One of Cumming's most easily overlooked works is located in one of the most heavily traveled places in the City.  His commemorative plaque of Carl G. Larsen is visible, though probably unnoticed, to all pedestrians and vehicles on the west side of Route 1 / 19th Avenue at Ulloa Street.


The inscription reads: "Carl G. Larsen has generously given these two blocks to the City of San Francisco for park pleasure purposes A.D. MCMXXVIII."

http://webbie1.sfpl.org/multimedia/sfphotos/AAA-6966.jpg
M.E. Cummings and Carl G. Larsen stand before land Larsen gave city for park (source: San Francisco Historical Photograph Collection).

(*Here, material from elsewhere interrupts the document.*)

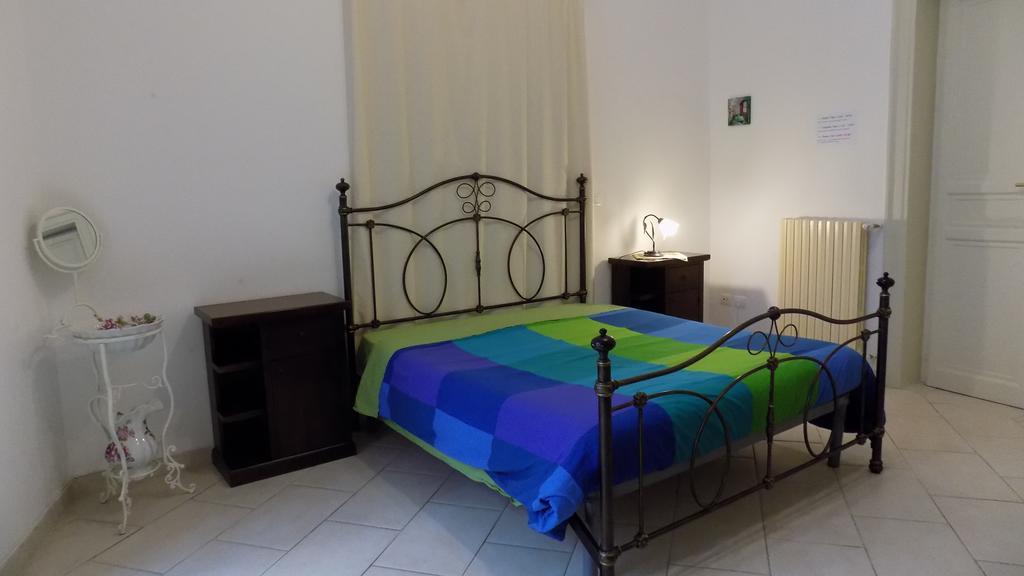 Vespa B&B Palermo Esterno foto
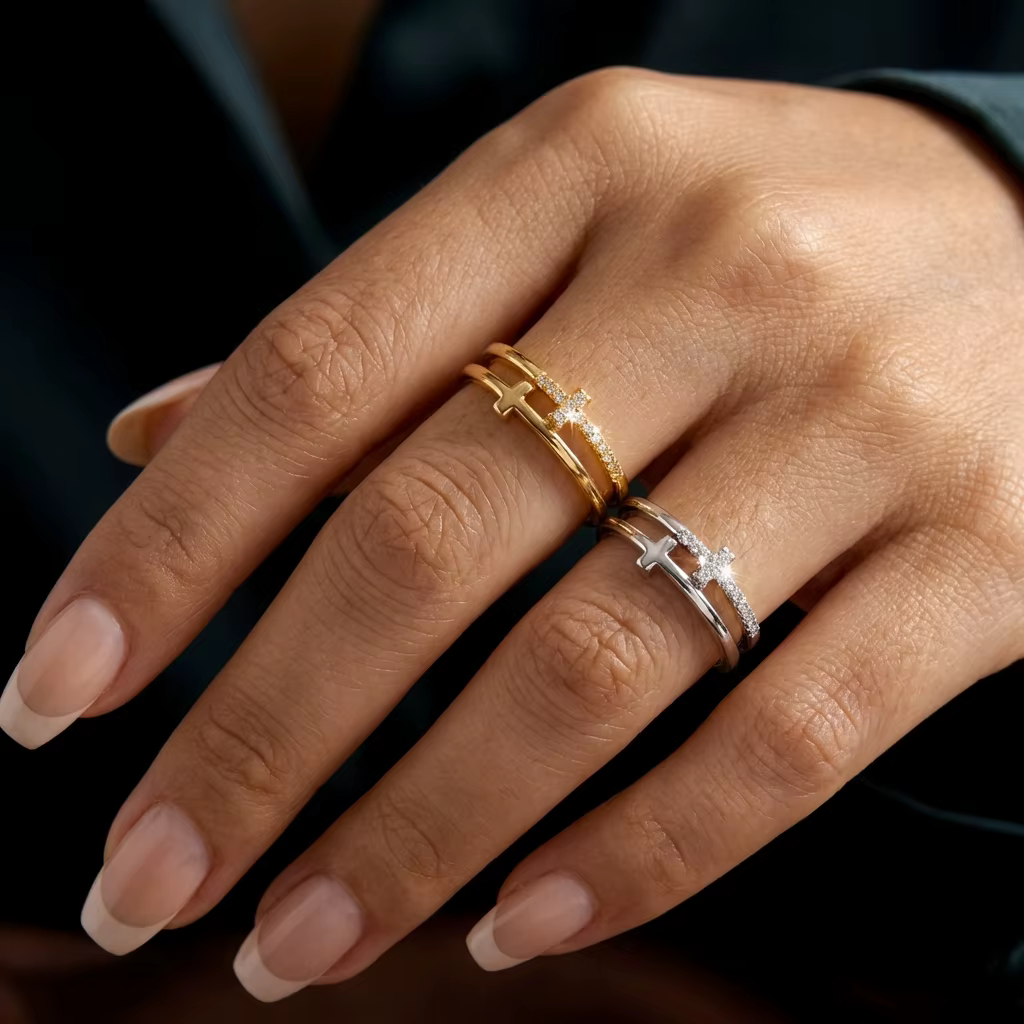 Bague délicate à double bande croisée pour femme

Cumming's plaque was placed upon a 40 ton piece of stone that was extracted from Golden Gate Heights and moved to Larsen Park.

Cummings created an earlier bronze commemorative tablet in 1921 for the San Francisco Fire Chief's Residence at 870 Post Street memorializing Dennis T. Sullivan.  Sullivan had been the Chief Engineer of the Fire Department during the Great Earthquake and Fire of 1906 who died from wounds sustained during that cataclysm.  The work was commissioned and paid for by the City's firefighters and was placed on the residence when it opened in 1922.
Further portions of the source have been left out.